Day-to-day volatility between $1,061 and $1,073 today is noise; the more important takeaway is that the market is comfortable holding ASML north of $1,000 despite:
China revenue projected to decline sharply in 2026,
Export controls constraining one of its largest regions,
And headline risk around AI, tariffs and geopolitics.
That tells you institutions see the same thing: a structural asset, not a tactical trade.
NASDAQ:ASML risk matrix – China, regulation, competition and cycle timing
There are real risks at NASDAQ:ASML and they are not cosmetic.
China revenue at ~32%–42% of the mix is a double-edged sword. The 2024–2025 front-loading inflated growth, and the subsequent drawdown will mechanically pull the 2026 growth rate lower. If restrictions tighten further or local substitutes in China ramp faster than expected, the drag could be larger or more prolonged than the current base-case.
Regulation and geopolitics remain a wild card. Additional rounds of US and Dutch export controls, or broader sanctions hitting key customers, could choke incremental demand in specific segments or regions.
Competition is not dead. Canon, Nikon, SMEE and Huawei-linked projects are all pushing their own roadmaps. If any of them manages to commercialise a reliable, cost-effective EUV-class tool by 2028–2030, ASML’s monopoly economics in China could erode. The probability that they materially challenge ASML’s leadership before High-NA and Hyper-NA are mature is low, but it is not zero.
The semiconductor capital cycle can overshoot. Industry forecasts are projecting almost $1 trillion in semiconductor sales by 2026, but if AI capex gets ahead of real end-demand, the sector could face another digestion phase. ASML would then likely print a year or two of low or even negative top-line growth, as it has done in prior cycles, before resuming its trend.
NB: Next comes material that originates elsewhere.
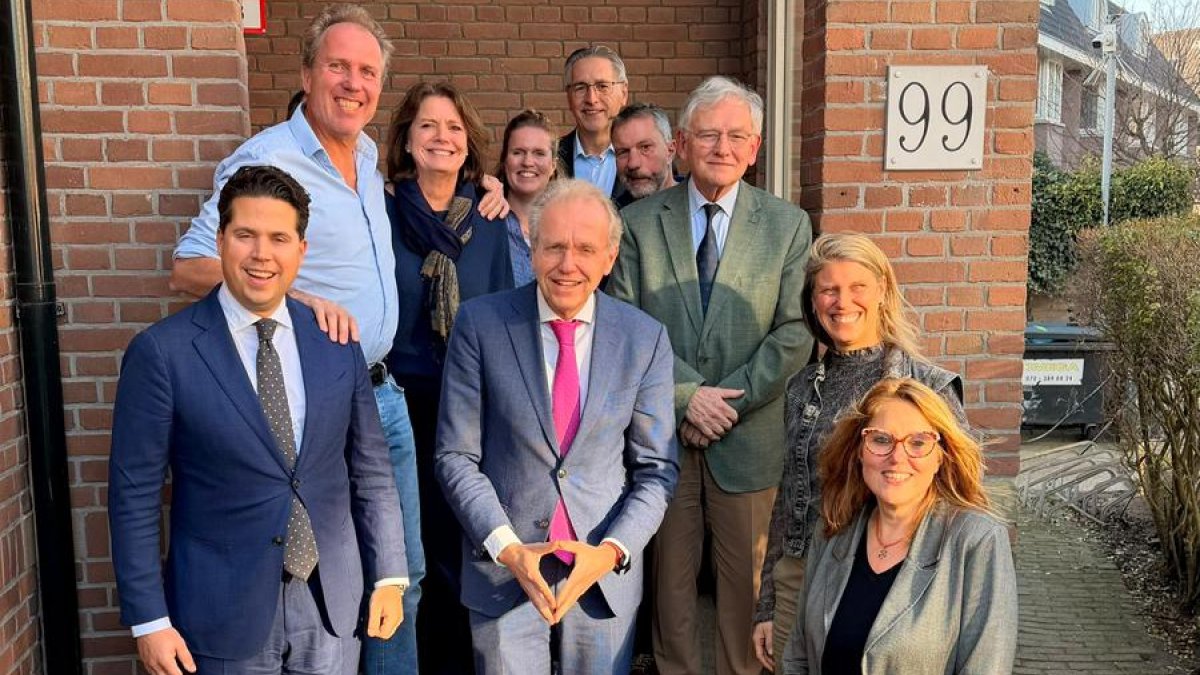 College van Wassenaar brengt werkbezoek aan Jeugdformaat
These are not reasons to ignore the stock. They are the price of admission for owning a strategic asset at the center of AI and advanced semiconductors.
NASDAQ:ASML insider and ownership lens – what to watch on TradingNews before sizing a position
For any position in NASDAQ:ASML, monitoring insider behaviour and ownership trends is mandatory. With a nearly $409 billion market cap, insider flows will not move the stock alone, but they can signal management’s confidence in the long-term roadmap or flag phases where insiders are de-risking after large runs.
Before committing serious capital, it is worth reviewing the detailed insider and profile data here:
ASML stock profile and insider transactions
ASML full stock profile overview
The combination of:
Insider behaviour,
Institutional ownership trends,
And valuation relative to that $1,233–$1,250 intrinsic-value band
will give you a cleaner risk-reward picture than price alone.
NASDAQ:ASML verdict – high-quality Buy with mid-teens upside and structural AI leverage
Putting all of the data together – current price around $1,066–$1,070, 37.4x P/E, 52% gross margins, 27.7% FCF margins, 15% guided revenue growth in 2025, 5%+ base-case growth in 2026 with upside, a near-monopoly in EUV and High-NA, and a DCF fair value around $1,234 – NASDAQ:ASML deserves a clear Buy rating on a 12–24 month horizon.
The stock is not cheap in absolute terms, but the premium is justified by:
Its unique strategic position in the semiconductor stack,
The capex trajectories of TSMC, Samsung, Micron and SK hynix,
The durability of its EUV moat versus Canon, Nikon and Chinese challengers,
And the fact that even with China normalising, the rest of the world is accelerating.
At current levels, the risk-reward for NASDAQ:ASML looks skewed toward further gains, with a realistic mid-teens upside to fair value and long-term optionality if AI infrastructure spending overshoots the already aggressive 2025–2026 forecasts. For investors who can tolerate volatility and regulatory noise, ASML at ~$1,066 is a high-quality Buy, not a hold or a fade.